The Fed raised its benchmark interest rate by 3 yards (75 basis points) yesterday as expected, and reiterated the importance of keeping inflation in check. Fed Chairman Powell hinted yesterday that the pace of future interest rate hikes depends on economic data, and the weak economic data has increased the market’s expectations for the Fed’s slow pace of interest rate hikes. However, there is still a long time before the Fed’s next monetary policy meeting, and investors need to continue to pay attention to the follow-up economic data.

In terms of individual stocks, Facebook parent company Meta (META-US) in the second quarter fell more than market expectations and earnings were weak, and released a surprisingly weak forecast that suggested revenue growth would decline once more, sending its shares down more than 5% in early trade. In addition, the global IC design leader Qualcomm (QCOM-US) was also bleak in its forecast, expecting cooling smartphone demand to hit its handset chip business in the fourth quarter, down nearly 3 percent in early trade.

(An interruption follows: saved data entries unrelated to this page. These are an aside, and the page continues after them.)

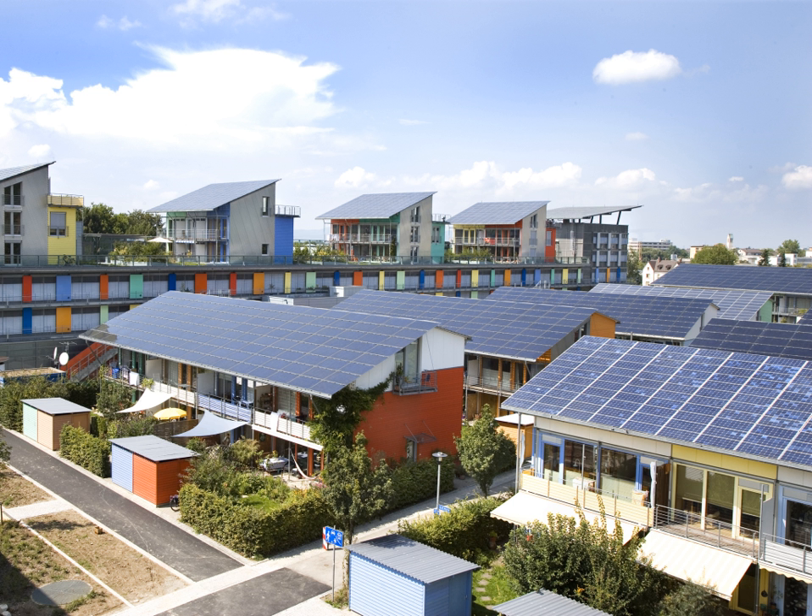In contrast, solar-powered remote fixed devices have seen increasing use recently in locations where significant connection cost makes grid power prohibitively expensive. Such applications include solar lamps, water pumps, parking meters, emergency telephones, trash compactors, temporary traffic signs, charging stations, and remote guard posts and signals.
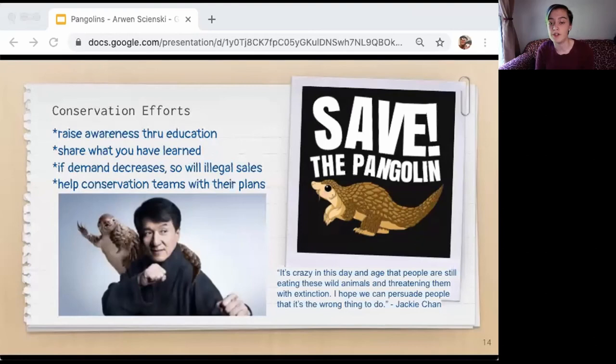Public efforts to prevent poaching of pangolins in China are gaining traction, such as a public service announcement featuring Jackie Chan, produced through a partnership between Wild Aid and the Nature Conservancy. Jackie Chan says, 'It's crazy in this day and age that people are still eating these wild animals and threatening them with extinction. I hope we can persuade people that it's the wrong thing to do.' Everyone can help conservation efforts by becoming more educated about pangolins and sharing what you've learned by talking to friends and posting on social media. If demand decreases, so will illegal sales, and so will the illegal killing of pangolins.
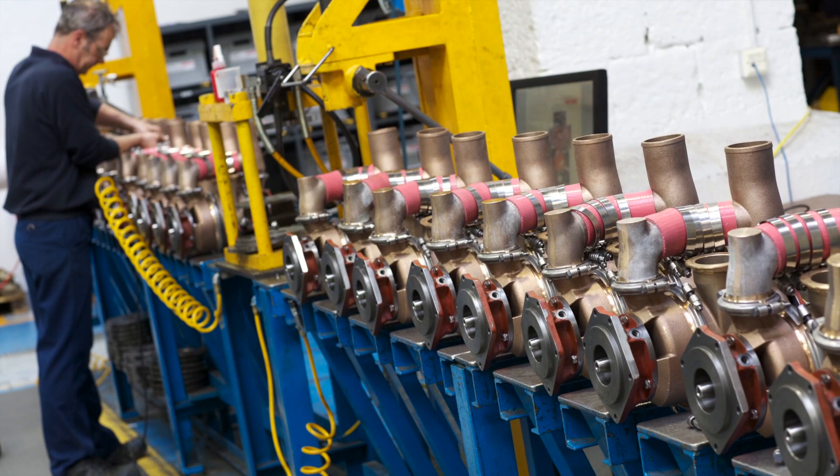We're developing a number of new pumps with our key customers, and that's where the future lies. Last year we manufactured 16,500 pumps; this year it's going to be 19,000. So if we keep growing at that rate, we're going to be extremely busy — we're going to need more Haas machines.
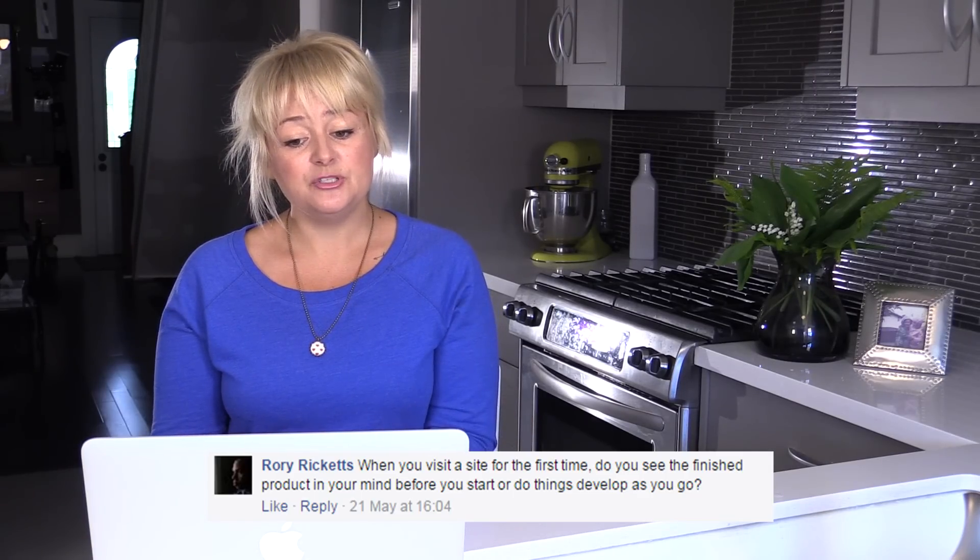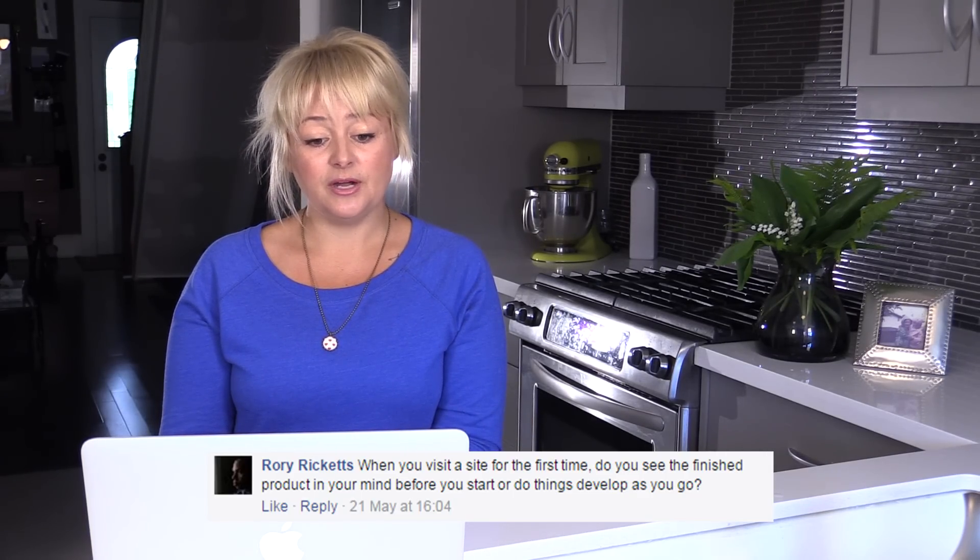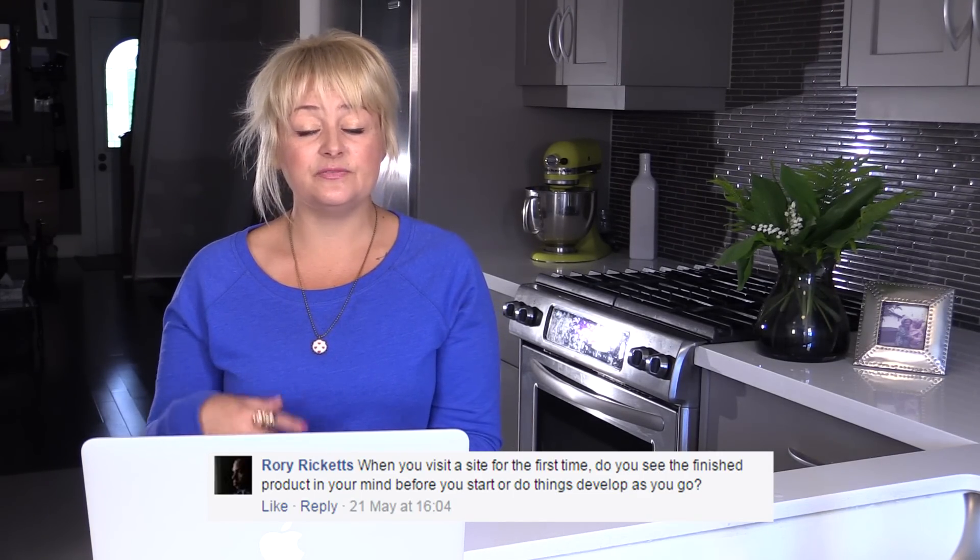The next question is from Rory: When you visit a site for the first time, do you see the finished product in your mind before you start, or do things develop as they go? When I go and see a site for the first time, I start thinking and getting some ideas, but it's as I start designing and things start unraveling that I end up getting the whole picture. And to be honest, a lot of my ideas come as I'm falling asleep.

As of 21:00 on Thursday (28th) Taipei time:
S&P 500 daily chart (Photo: Juheng.com)
Stocks in focus:

Spirit Airlines(SAVE-US) rose 3.66% to $25.19 a share in early trade

Ended up with Frontier Airlines (ULCC-US), JetBlue Airways (JBLU-US) on Thursday (28th) reached an agreement to acquire Spirit Airlines. JetBlue Airways said it will buy Spirit for $33.50 per share in cash.

Harley-Davidson (HOG-US) rose 9.31% to $37.49 a share in early trade

Harley-Davidson reported profit growth for the last quarter before the bell and kept its full-year revenue forecast unchanged, even as a two-week shutdown hurt sales in the second quarter.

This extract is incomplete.